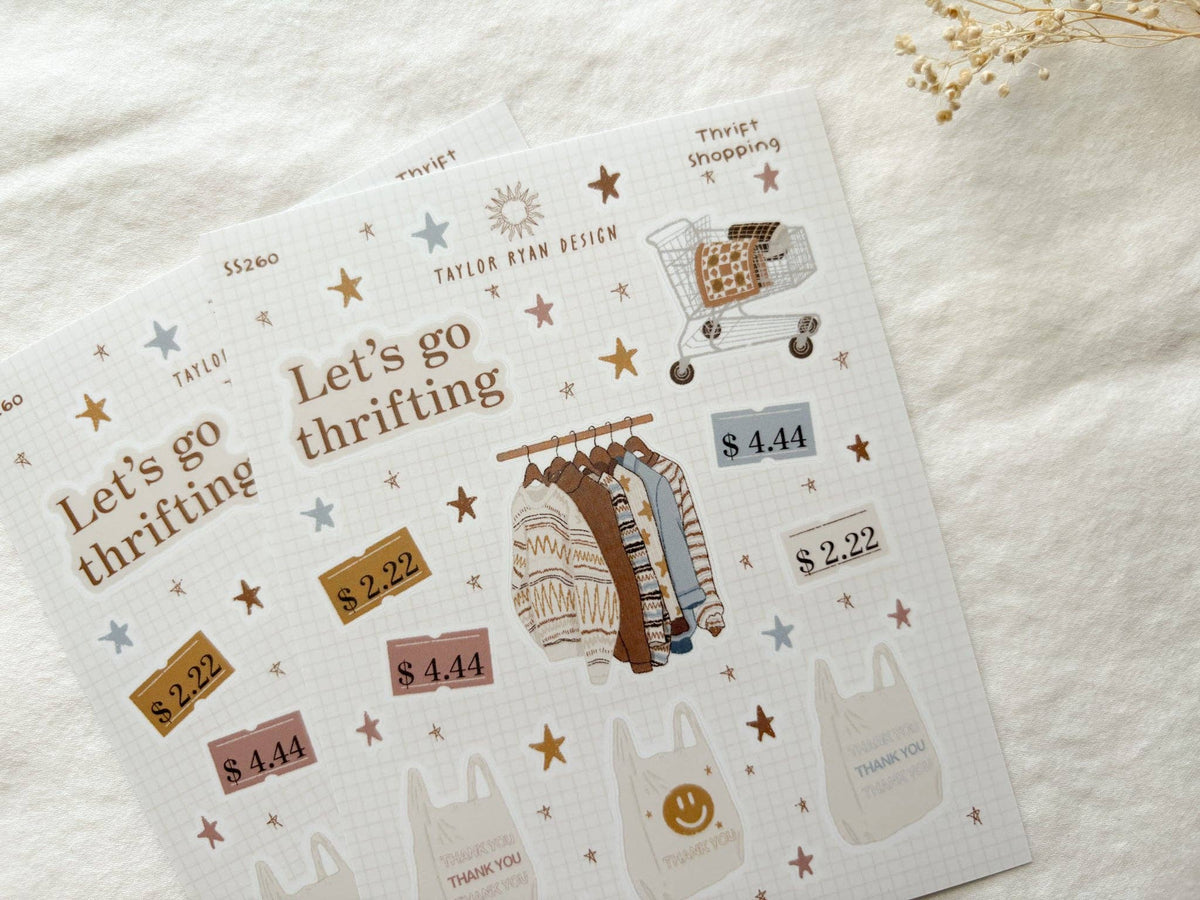 Thrift Shopping Sticker Sheet | Taylor Ryan Designs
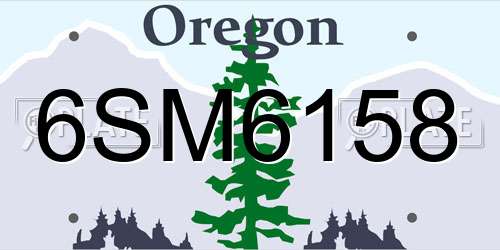 6SM6158 Oregon License Plate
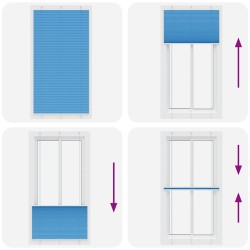 Store plissé bleu 110x200 cm largeur du tissu 109,4cm polyester 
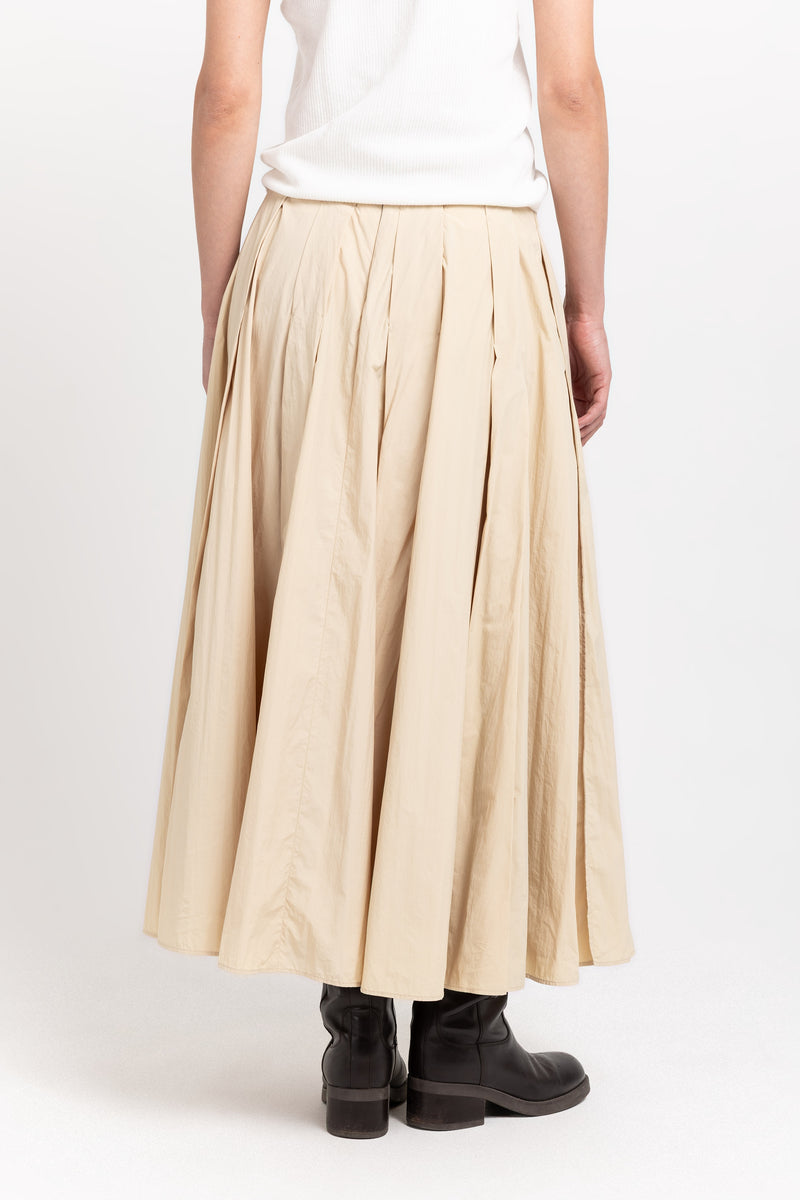 Butter beige crinkle effect voluminous skirt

__________

WHAT IS EXPECTED: Word for word, retype all of the data above, but include no pictures.

SOLUTION FOR THIS TASK:
 Thrift Shopping Sticker Sheet | Taylor Ryan Designs
 6SM6158 Oregon License Plate
 Store plissé bleu 110x200 cm largeur du tissu 109,4cm polyester 
 Butter beige crinkle effect voluminous skirt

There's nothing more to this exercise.